Just a quick statement for the first question. At OneEngineer, we're exploring the Homa networking technology for reducing the utilization of GPUs. They described it for us as a tidal power plant. They said that these waves come in and go out by a week. So huge amounts of data going one way and then coming back. So think of this. The data flow is a swinging system which swings at petabyte scale over a week. So there is some form of streaming in there. It's just hard to predict. What they're trying to do is, not everybody swings in synchrony. So one in, one out, and so forth. So they try to balance things out for efficiency reasons. My question is, what is your ballpark feeling of the sparsity of the data that is stored and read and written?

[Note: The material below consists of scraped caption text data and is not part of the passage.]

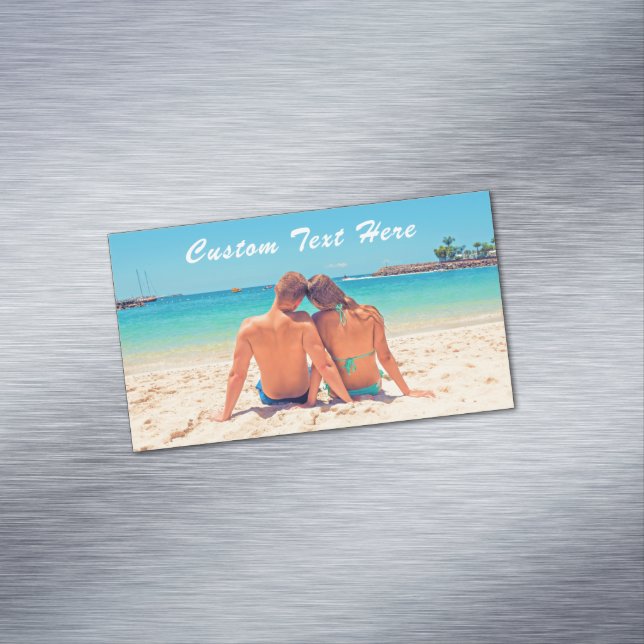 Custom Your Photo and Text Business Card Magnet (In Situ)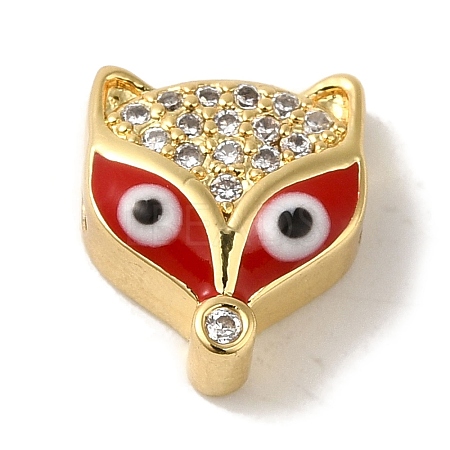 Rack Plating Brass Micro Pave Clear Cubic Zirconia with Enamel Pendant KK-P267-18G-1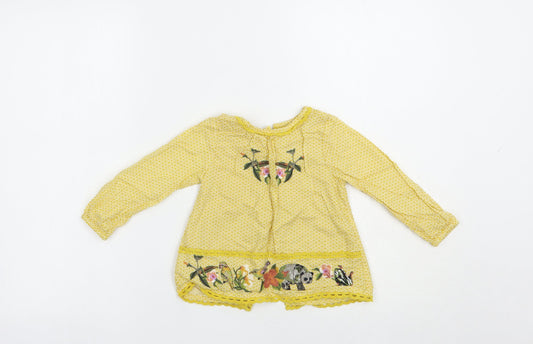 NEXT Baby Yellow Geometric Cotton Basic Button-Up Size 18-24 Months Round Neck Button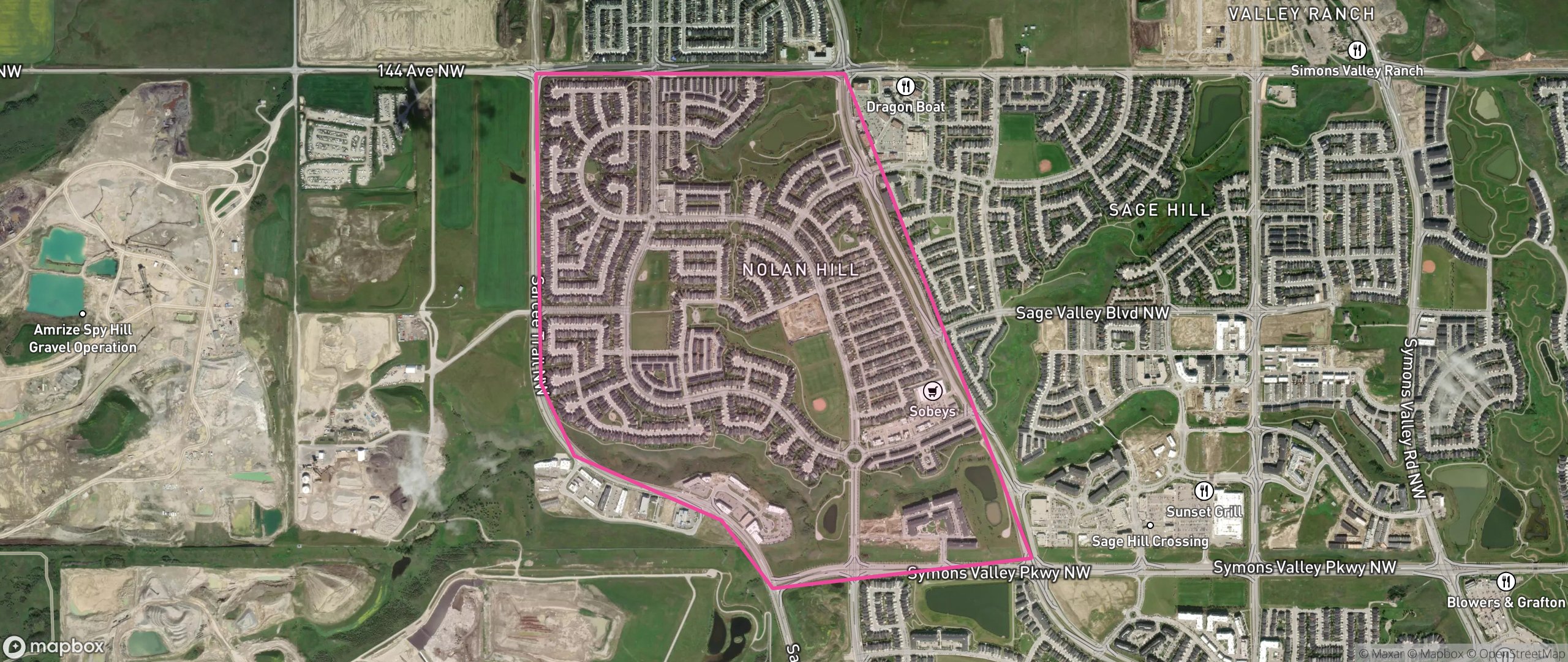 Map of Nolan Hill, Calgary showing the community boundary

So data sparsity will tend to increase because of the different forms in which you are ingesting the data, different dimensions in which you are storing the data. However, there is a large amount of work to reduce the sparsity effect with quantization, with different kinds of reduction techniques. But to give you some ballpark estimates, data, like even today, is sparse. And with all the analysis which is being done by academia and industry both, it will grow at the rate of at least 5 to 10x in the coming years to come. So, but this is, don't hold me up for that. It's just an estimate, right? So that's what it is. Any more questions? Oh, yeah. Can I take one more? Okay.
Oh, it's a question. So in the training, I guess you call it training, but the practice is the training from scratch, or pre-training and fine-tuning. And fine-tuning, sometimes you apply it on the smaller scale system. Do you have any comments as to the storage implications in the pre-training process?
Yeah. I didn't touch upon fine-tuning today. But the problem, fine-tuning is not that intensive as training itself, because fine-tuning is not that heavy on the storage networks. It will be mostly, like, I would rather say that I would use a file system, a network file system for fine-tuning rather than going through the object system. And there is, fine-tuning is pretty much for a large number of small systems to work on. So that's the main challenge there. So it will be, it is more latency sensitive than throughput sensitive. Okay. Thank you.